■ Provided information
--------

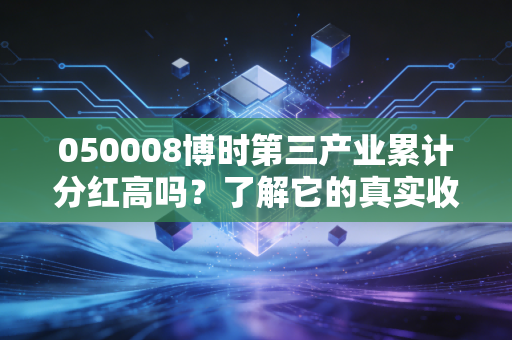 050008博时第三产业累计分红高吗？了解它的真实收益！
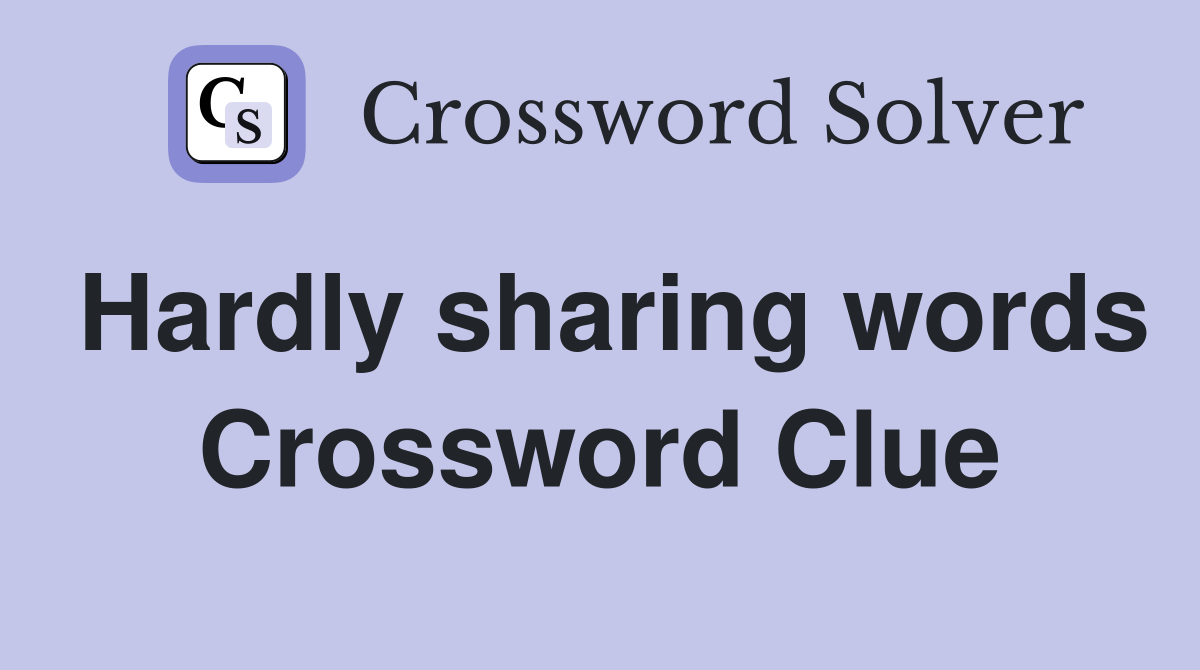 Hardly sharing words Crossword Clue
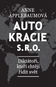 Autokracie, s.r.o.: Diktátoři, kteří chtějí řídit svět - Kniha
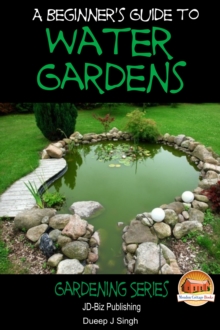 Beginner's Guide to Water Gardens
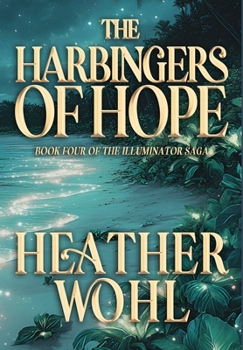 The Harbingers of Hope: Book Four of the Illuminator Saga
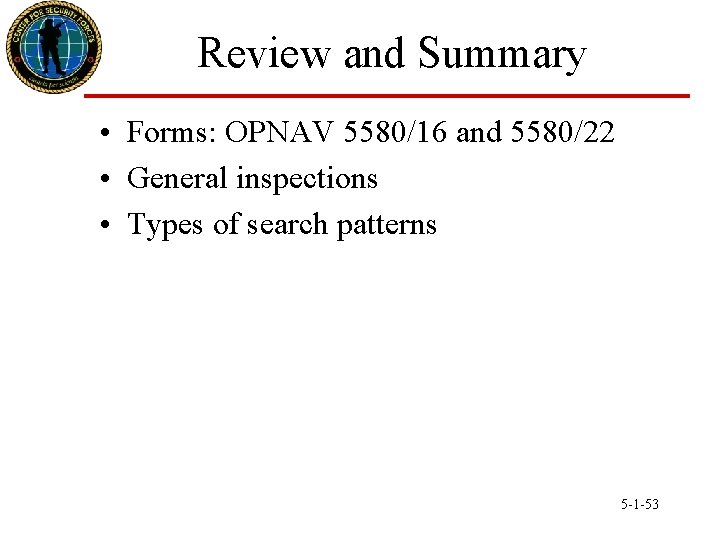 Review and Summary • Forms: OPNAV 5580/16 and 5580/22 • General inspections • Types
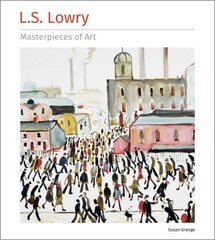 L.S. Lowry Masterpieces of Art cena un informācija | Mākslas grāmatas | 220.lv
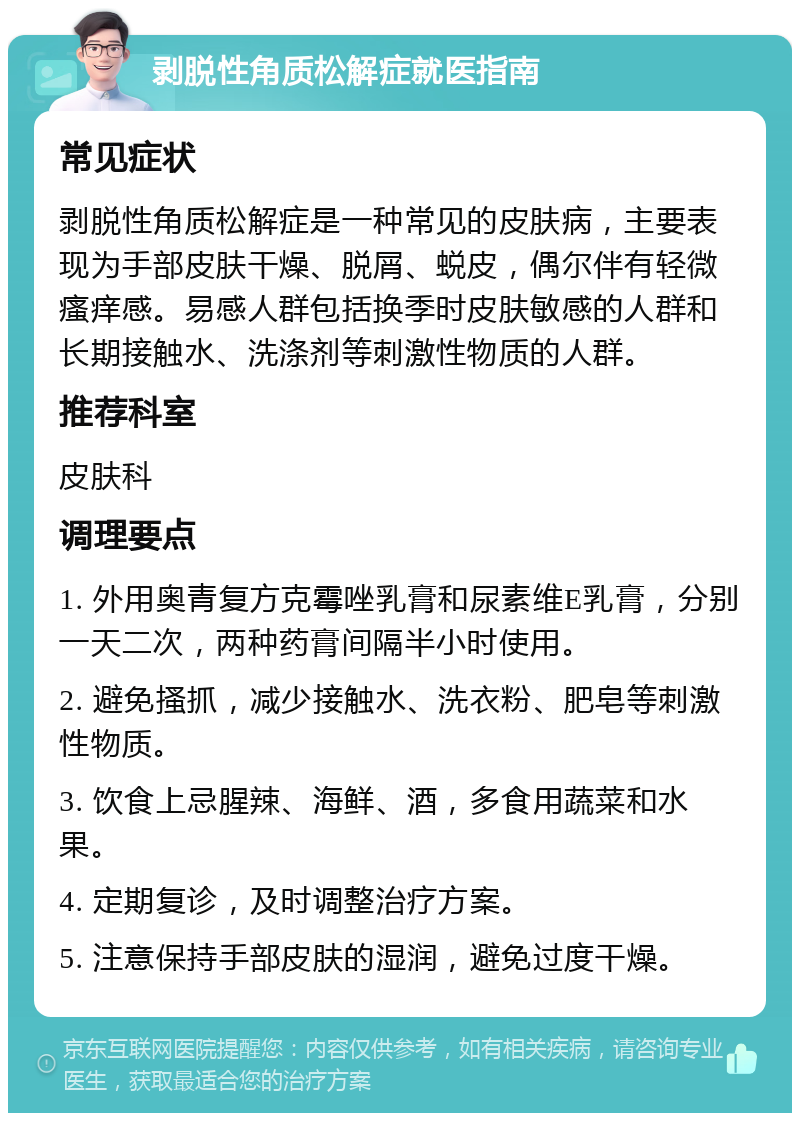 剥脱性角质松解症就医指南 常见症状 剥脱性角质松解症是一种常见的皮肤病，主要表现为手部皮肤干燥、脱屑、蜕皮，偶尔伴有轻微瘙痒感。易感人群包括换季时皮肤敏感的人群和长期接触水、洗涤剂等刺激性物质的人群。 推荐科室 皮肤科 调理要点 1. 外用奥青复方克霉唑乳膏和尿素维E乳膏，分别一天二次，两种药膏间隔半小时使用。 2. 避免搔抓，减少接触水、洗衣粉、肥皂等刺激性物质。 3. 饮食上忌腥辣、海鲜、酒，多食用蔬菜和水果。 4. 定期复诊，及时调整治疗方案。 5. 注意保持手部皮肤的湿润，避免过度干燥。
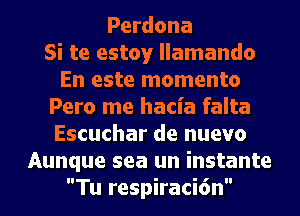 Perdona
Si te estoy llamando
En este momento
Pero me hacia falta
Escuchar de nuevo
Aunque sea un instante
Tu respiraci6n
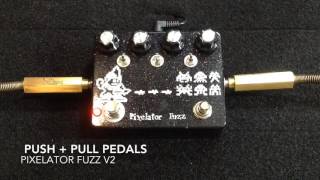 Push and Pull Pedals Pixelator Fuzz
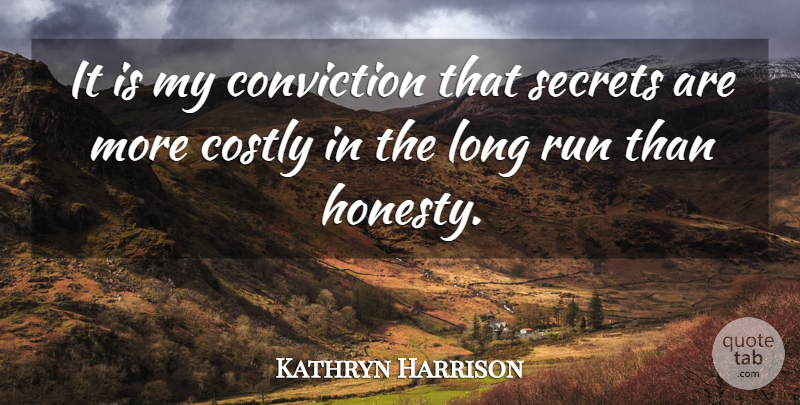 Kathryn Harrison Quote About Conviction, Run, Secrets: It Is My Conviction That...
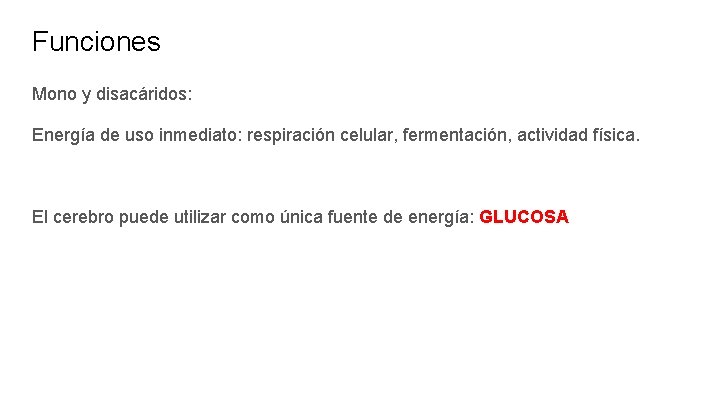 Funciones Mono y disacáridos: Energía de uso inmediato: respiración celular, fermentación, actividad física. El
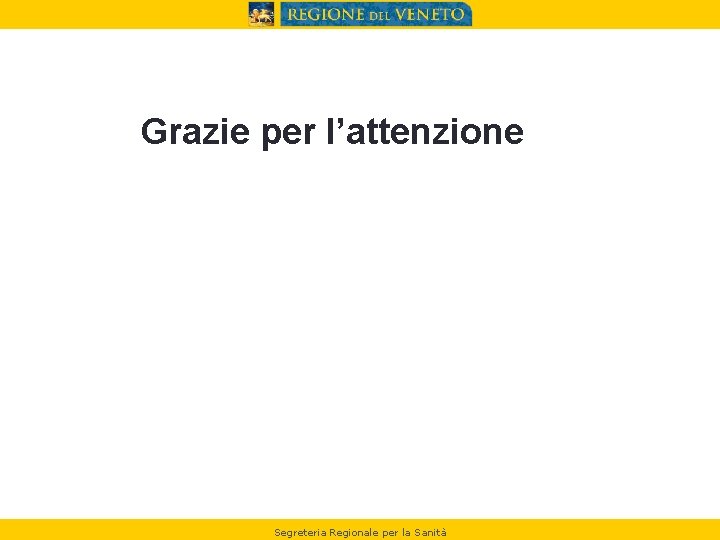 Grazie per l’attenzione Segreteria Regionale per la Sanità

--------

■ Task goal
Apart from the pictures, return the records exactly.

■ Task output
 050008博时第三产业累计分红高吗？了解它的真实收益！
 Hardly sharing words Crossword Clue
 Autokracie, s.r.o.: Diktátoři, kteří chtějí řídit svět - Kniha
 Beginner's Guide to Water Gardens
 The Harbingers of Hope: Book Four of the Illuminator Saga
 Review and Summary • Forms: OPNAV 5580/16 and 5580/22 • General inspections • Types
 L.S. Lowry Masterpieces of Art cena un informācija | Mākslas grāmatas | 220.lv
 剥脱性角质松解症就医指南 常见症状 剥脱性角质松解症是一种常见的皮肤病，主要表现为手部皮肤干燥、脱屑、蜕皮，偶尔伴有轻微瘙痒感。易感人群包括换季时皮肤敏感的人群和长期接触水、洗涤剂等刺激性物质的人群。 推荐科室 皮肤科 调理要点 1. 外用奥青复方克霉唑乳膏和尿素维E乳膏，分别一天二次，两种药膏间隔半小时使用。 2. 避免搔抓，减少接触水、洗衣粉、肥皂等刺激性物质。 3. 饮食上忌腥辣、海鲜、酒，多食用蔬菜和水果。 4. 定期复诊，及时调整治疗方案。 5. 注意保持手部皮肤的湿润，避免过度干燥。
 Perdona
Si te estoy llamando
En este momento
Pero me hacia falta
Escuchar de nuevo
Aunque sea un instante
Tu respiraci6n
 Push and Pull Pedals Pixelator Fuzz
 Kathryn Harrison Quote About Conviction, Run, Secrets: It Is My Conviction That...
 Funciones Mono y disacáridos: Energía de uso inmediato: respiración celular, fermentación, actividad física. El
 Grazie per l’attenzione Segreteria Regionale per la Sanità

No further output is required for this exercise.